5.Bölüm

569 38 3
                                    

Alp Kutluer:

Uykusuzdu.

Kantinde sıradaydı. Omuzları düşüktü. Ne aldı bilmiyordum ama hazırlanmasını bekliyordu. Yaslandığı duvarda gözlerini yere dikmişti. Kollarını önünde bağlamıştı. Saçları düşük bir at kuyruğuydu. Kulaklıkları takılıydı. Telefonu elindeydi. Rimel sürmüştü sadece. Dudaklarında renkli kremlerden vardı yüksek ihtimalle.

Yorgundu.

Kantindeki kız ona seslendiğinde silkinip kendine geldi. Bardağı aldı. İlerledi. Yerden kaldırmıyordu gözlerini. Kaldırsa ona baktığımı görürdü. İki kişilik masaya oturdu. Çantasını karşı sandalyeye koyarken montunu çıkardı. Gri bir crop giymişti. Siyah hırkasının önü açıktı. Buz mavisi kot vardı altında. Hırkanın fermuarını kapadı. Hırka da kısaydı. Beli açıktı. Kollarını çekti hırkanın. Avuçlarına topladı. Üşüyordu. Kansızdı zaten. Bir de kalbi delikti. Ve ritim bozukluğu.

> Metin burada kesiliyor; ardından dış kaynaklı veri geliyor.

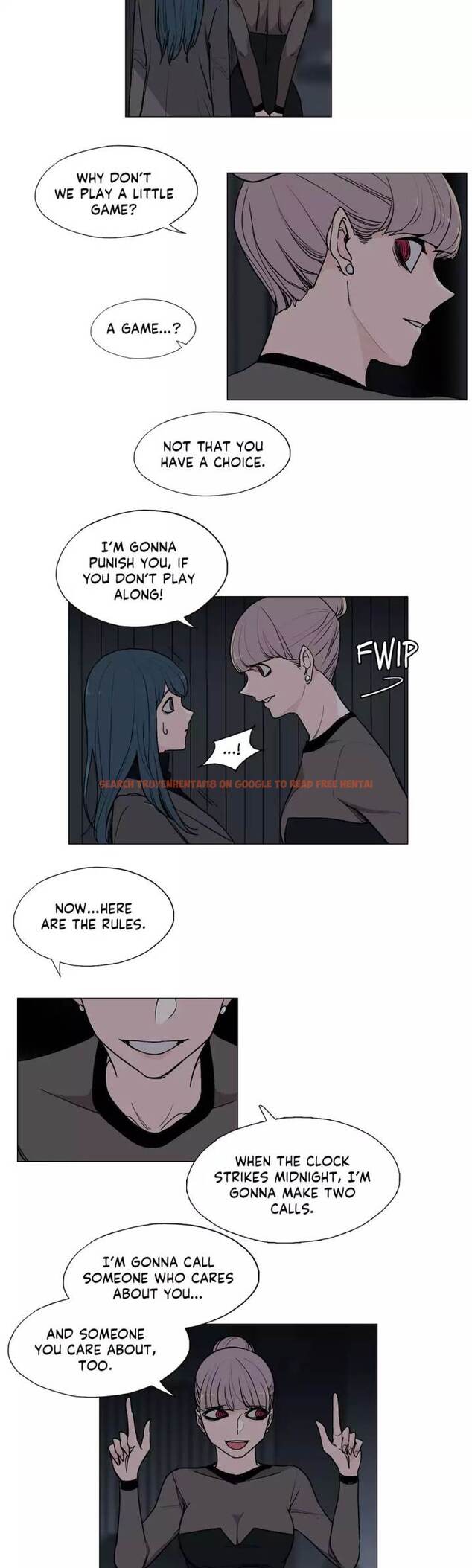 Read Hentai Image 5 746 in comic Elixir - Chapter 29 - hentaitnt.net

Bir de annesi yoktu. Babası yoktu.

Yapayalnızdı. Koca okulda kantinde tek başına oturan tek oydu. Kimse ile konuşmuyordu.

Mutsuzdu.

Emre dediğinde dikkat etmemiştim. Ama haklıydı. Arden depresif ya da melankolik değildi. Sadece mutsuzdu. Tek başına bir mutsuzluktu.

Saçlarını açtı. Elleriyle dağıttı. Kulaklarının arkasına sıkıştırdı. Çantasından çıkardığı tableti koydu masaya. Kalemi de aldı eline. Ne yapıyordu bilmiyordum ama sol elini sağ omzuma doğru koymuş kafasını koluna yaslamıştı. Ekrana bakarken sakin duruyordu.

Annesinin öldüğünü bilmiyordu.

Geç öğrenmişti.

Ve ben onu bana bunu söylememekle suçlamıştım.

Neler olmuştu bilmiyordum. Neden terk edip gittiğiyle ilgilenmiyordum. Öğrenmek veya bilmek istemiyordum. Ama annesinin öldüğünü nasıl geç öğrenirdi ki?

Emreleri beklediğim yirmi dakika boyunca ara ara baktım Arden'e. Dün gece bana sarılışı aklıma gelip durdu. Hızlıca atan kalbinin sesini duydum durdum.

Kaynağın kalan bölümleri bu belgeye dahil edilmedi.